Ok, so there is always an excuse. For not updating a blog, that is. But this time it is a genuine one, with due apologies and many sad noises attached.
About two weeks ago, I was wondering why life was not as it should be. Not philosophically speaking, but existentially so. Everything seemed to be falling apart. Work projects were coming to an end – or so I thought, more fool me – my mobile phone, the beloved instrument that I cherished for almost five years, was starting to hiccup miserably and my legs hurt more than my gym trainer’s toughness warranted. I was tired, dragging and feeling unwontedly tearful, with nothing to justify it, not PMS, not any fight with Father, no weepy movie on the telly…nothing. And then it all hit the fan.
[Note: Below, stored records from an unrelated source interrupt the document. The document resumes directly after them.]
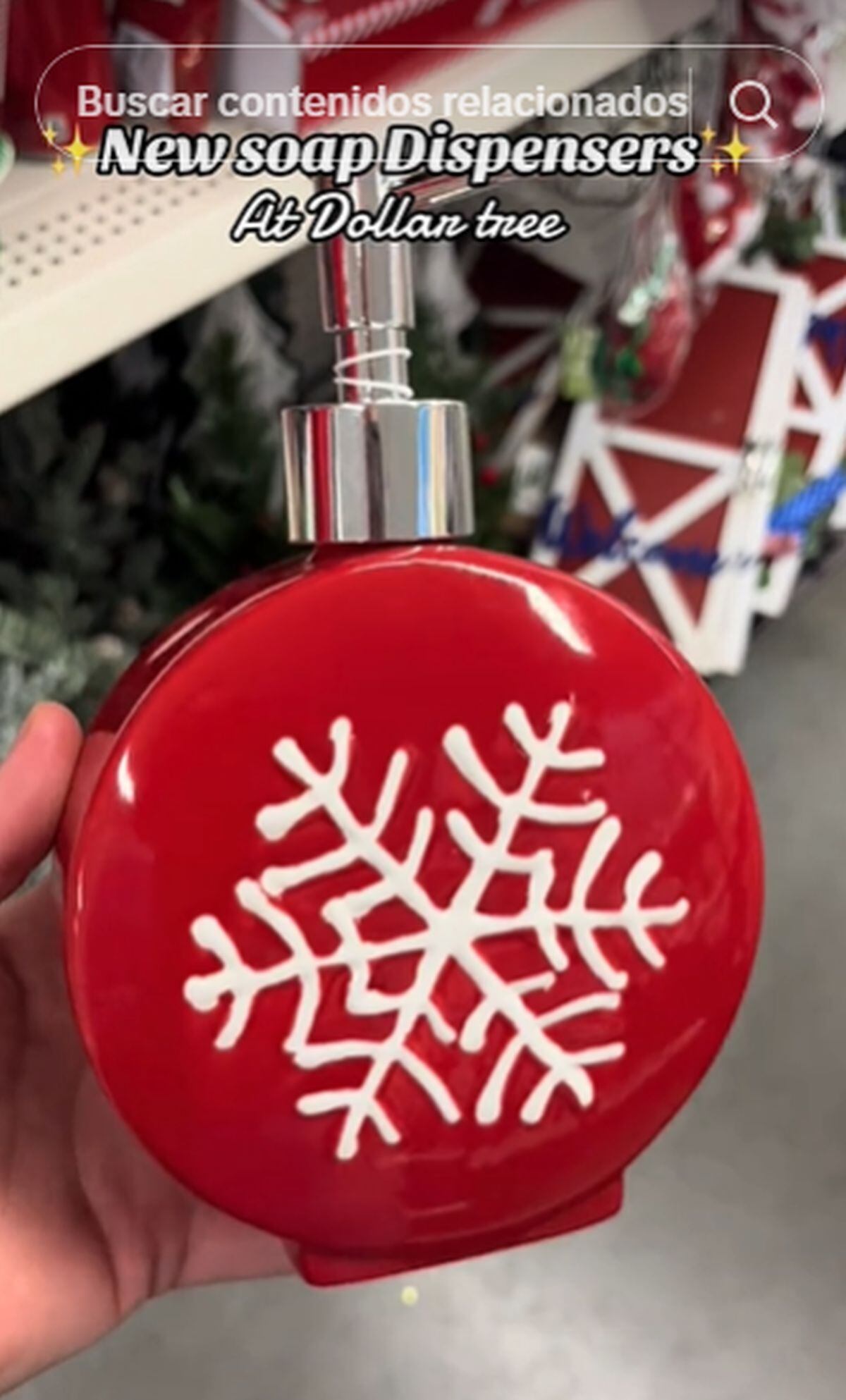El dispensador de jabón en forma de copo de nieve que vende Dollar Tree (Foto: @karennrio / TikTok)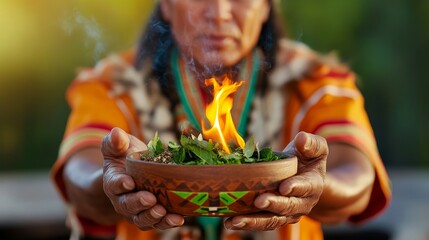 Sacred Ceremony Burning Herbs - Indigenous ritual, burning herbs, spiritual cleansing, cultural tradition, ancient wisdom.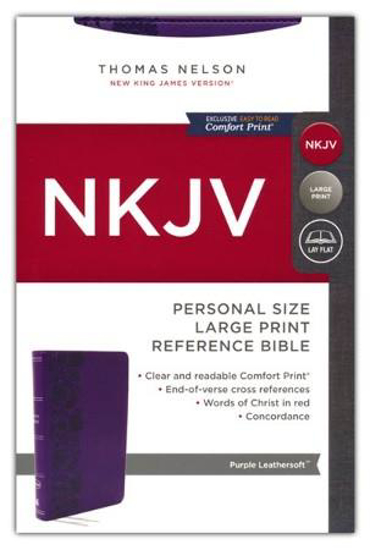 Picture of NKJV LARGE PRINT REFERENCE BIBLE PURPLE LEATHERSOFT
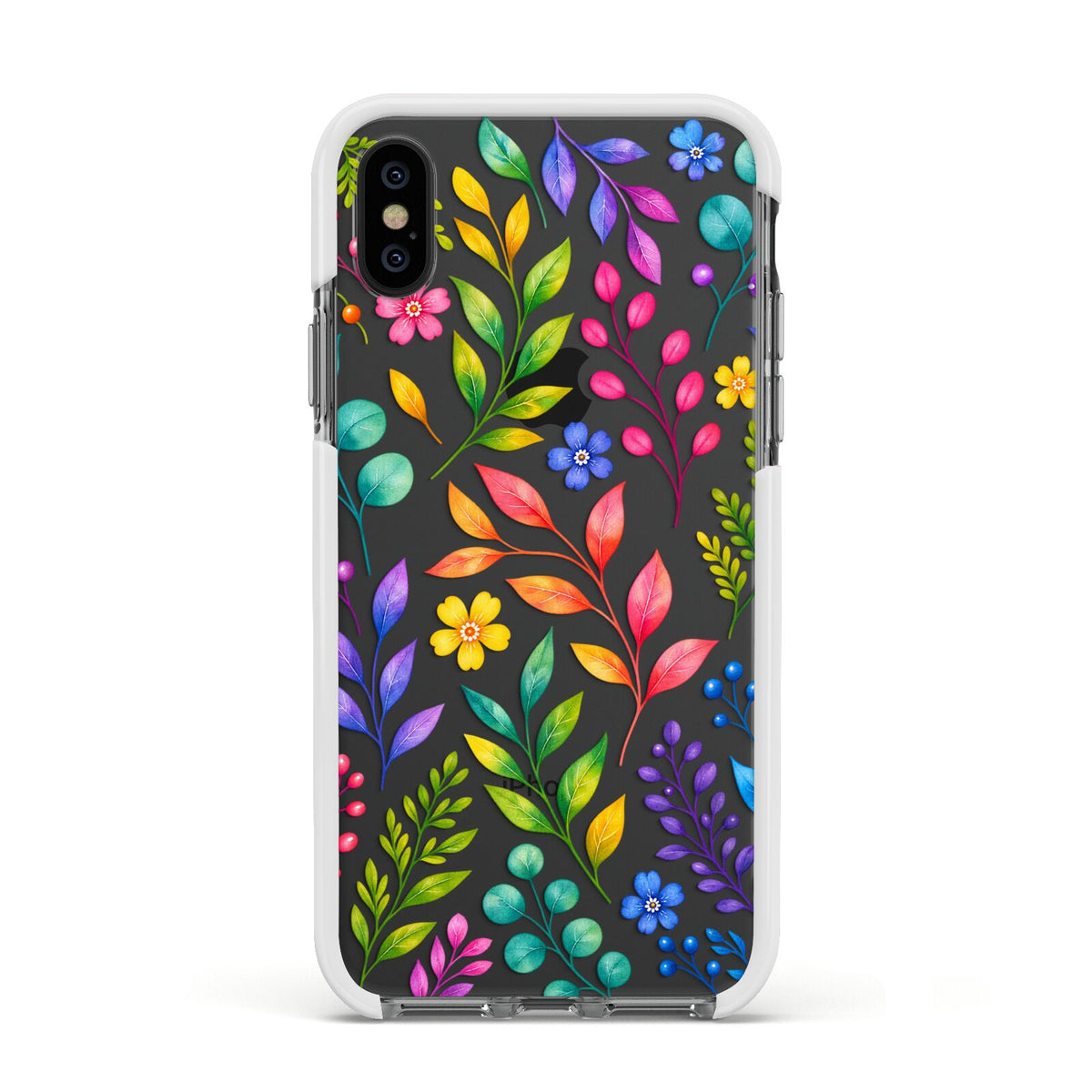 Colour Meadow Apple iPhone Xs Impact Case White Edge on Black Phone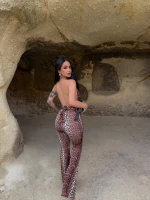Leopar Boyundan Geçmeli Toparlayıcı Tulum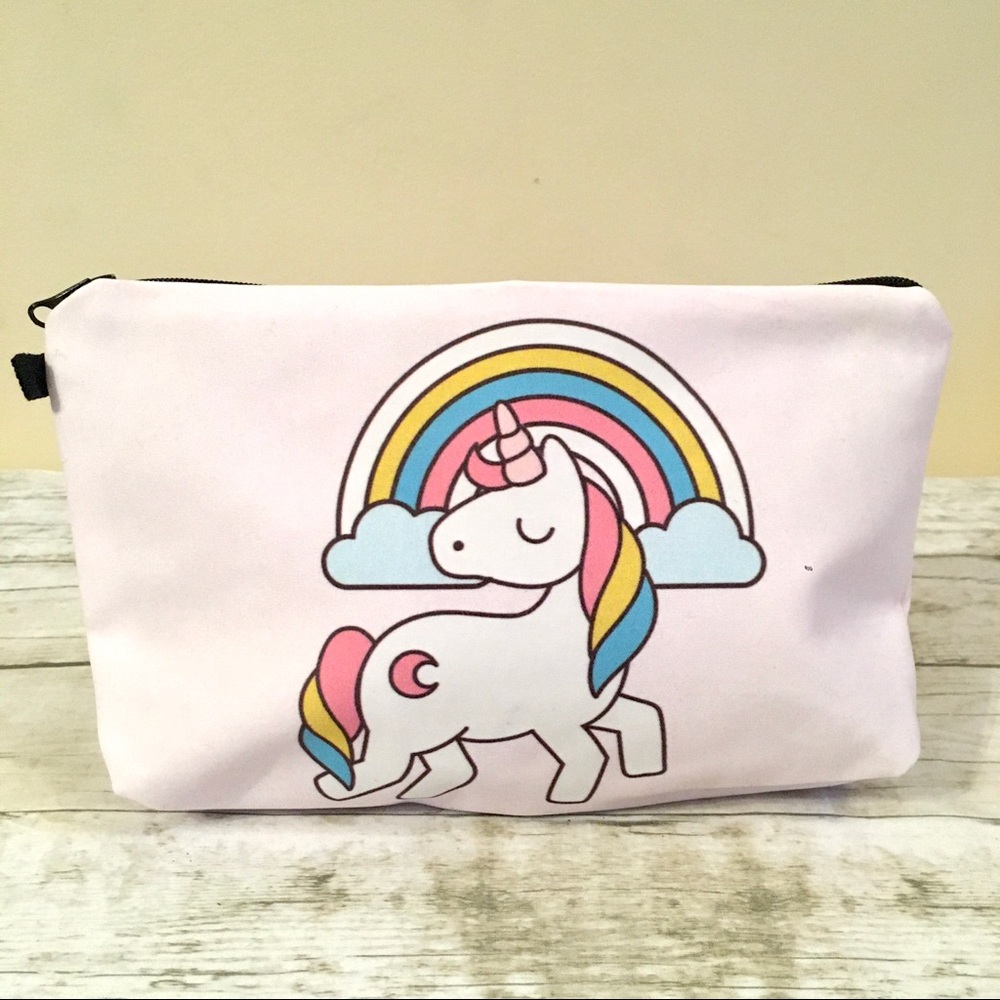 ✨4/$25✨ Unicorn 🦄 Makeup Multipurpose Bag Pouch Pink - Picture 3 of 7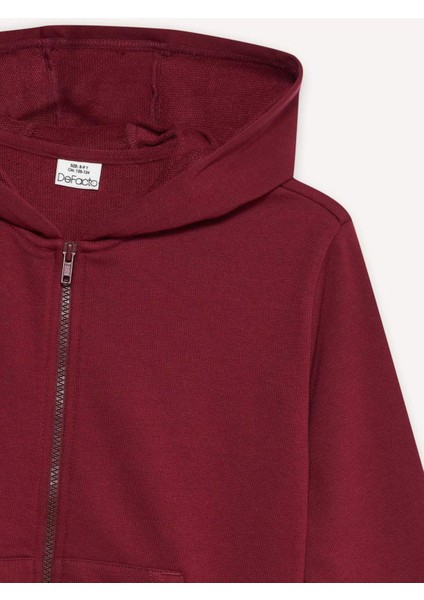 Kız Çocuk Basic Düz Kapüşonlu Okul Fermuarlı Sweatshirt C8110A825AU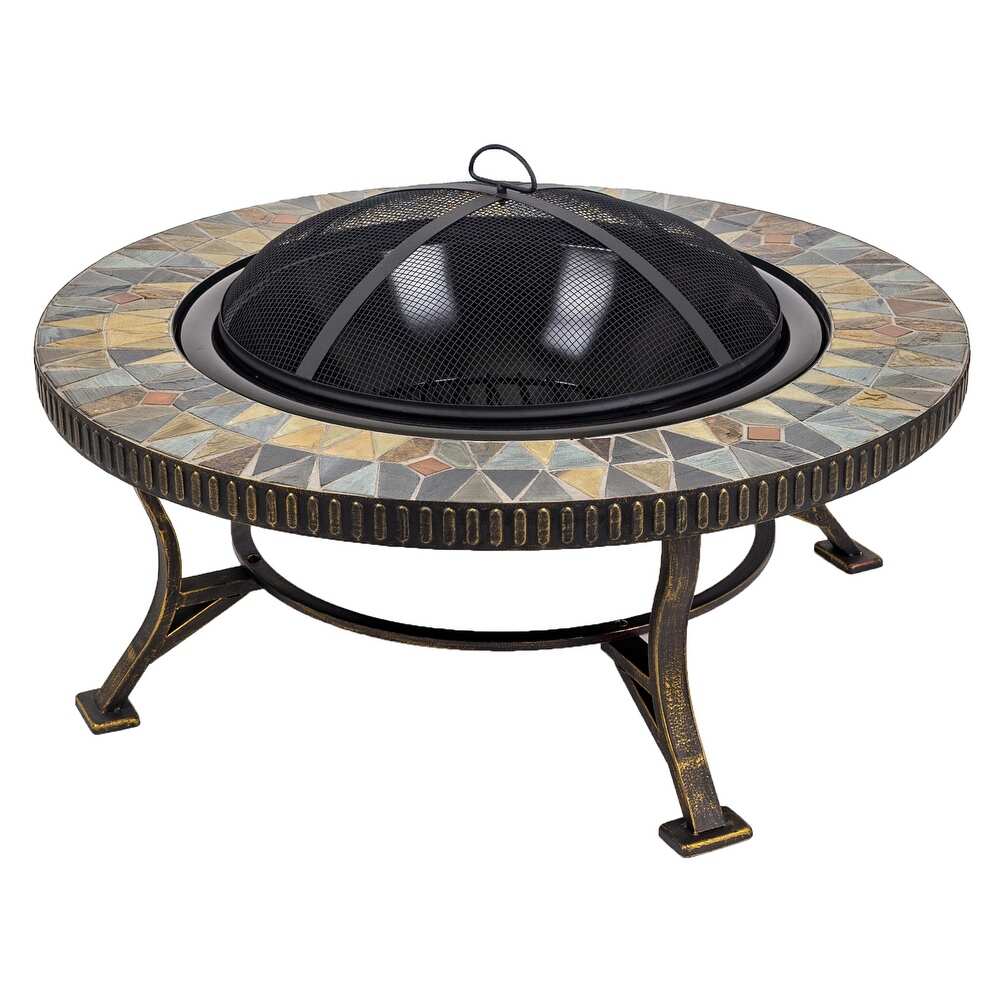 Pleasant Hearth Olivia Slate Top Wood Burning Fire Pit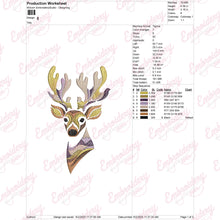 Colorful Deer Head Embroidery Design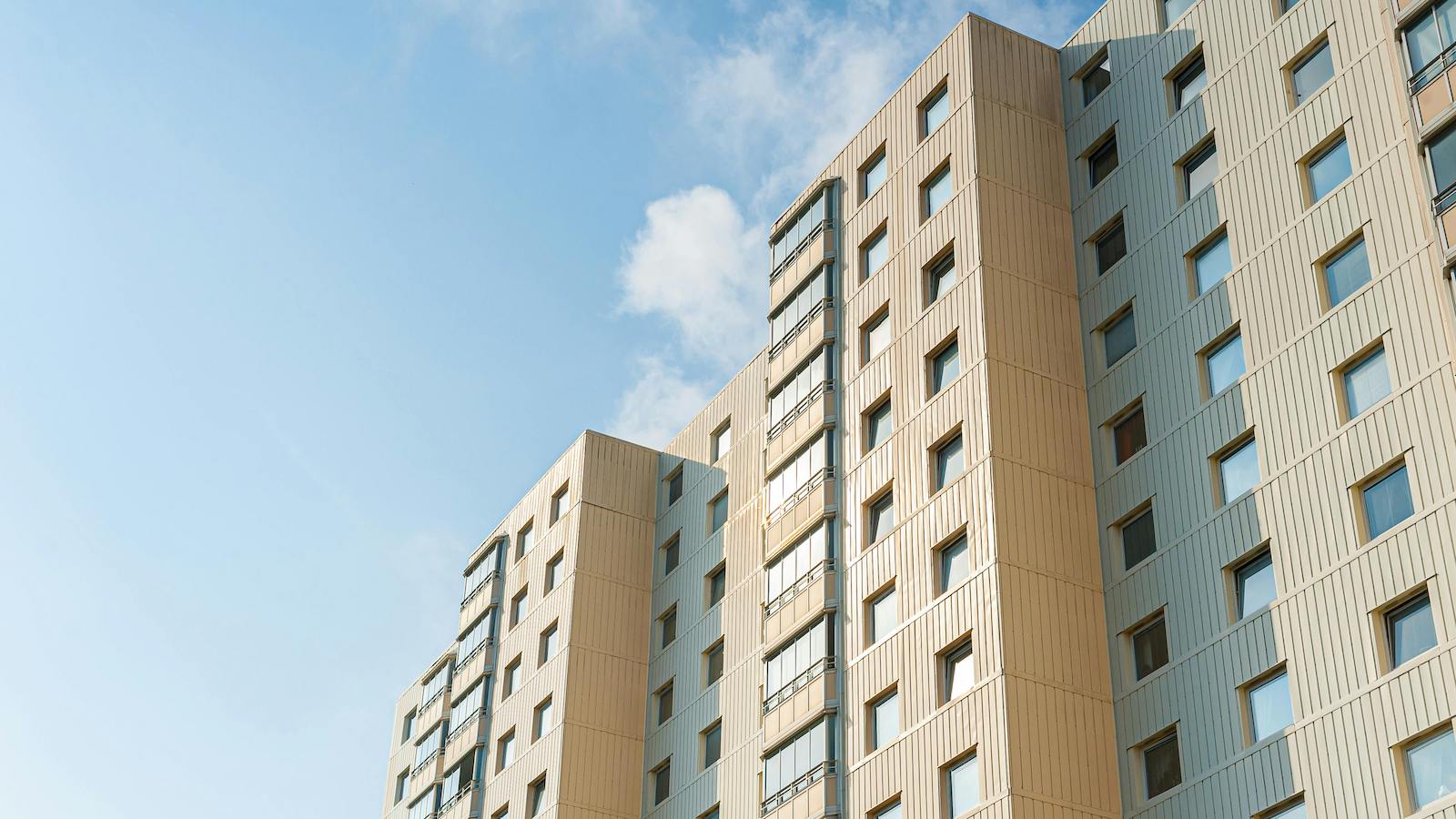 Beige Low-angle Photo High-rise Building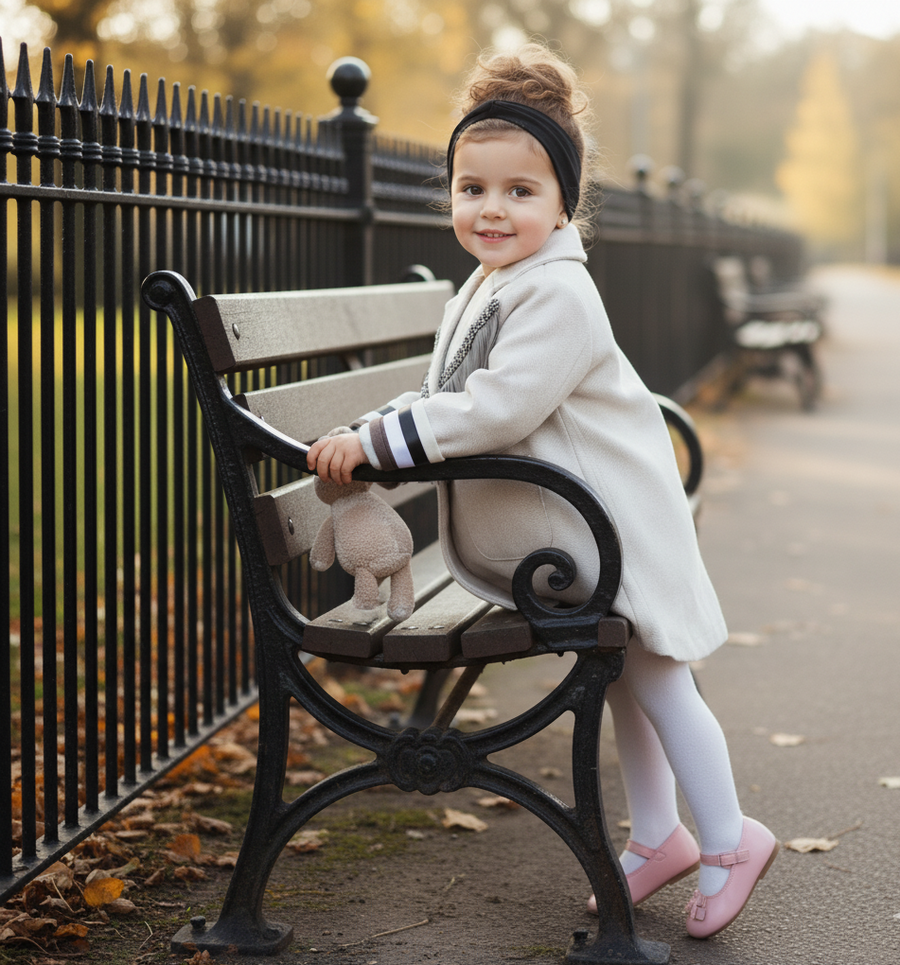 Girls Woolen Long Winter Coat 3-12y  cream orange long Jacket 2025 autumn new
My mobile phone died. I had bought it almost five years ago after falling instantly in love with it at the shop. It was a design statement, it was small, it was fabulously comfortable to hold and functionally more efficient than my own sense of organization. And it had been with me, doing its job magnificently, through one of the worst periods in my personal history. But it was old, not made any more and un-fixable. It is not in the great mobile phone department in the sky, far away from me, never to be used again. Of course, at that stage, the eternal debate was reopened: Should I get a new one, should I use an old one that did its job but satisfied none of my aesthetic requirements, or should I just do without, in a sort of anti-established-norm-of-society kind of way? The jury is still out on that one, though I have appropriated my father’s handset for the time being. Of course, my family being the sort it is, a new phone has been scoped out and is being argued over. Whether I do buy it or not depends entirely on what life brings me over the next few days.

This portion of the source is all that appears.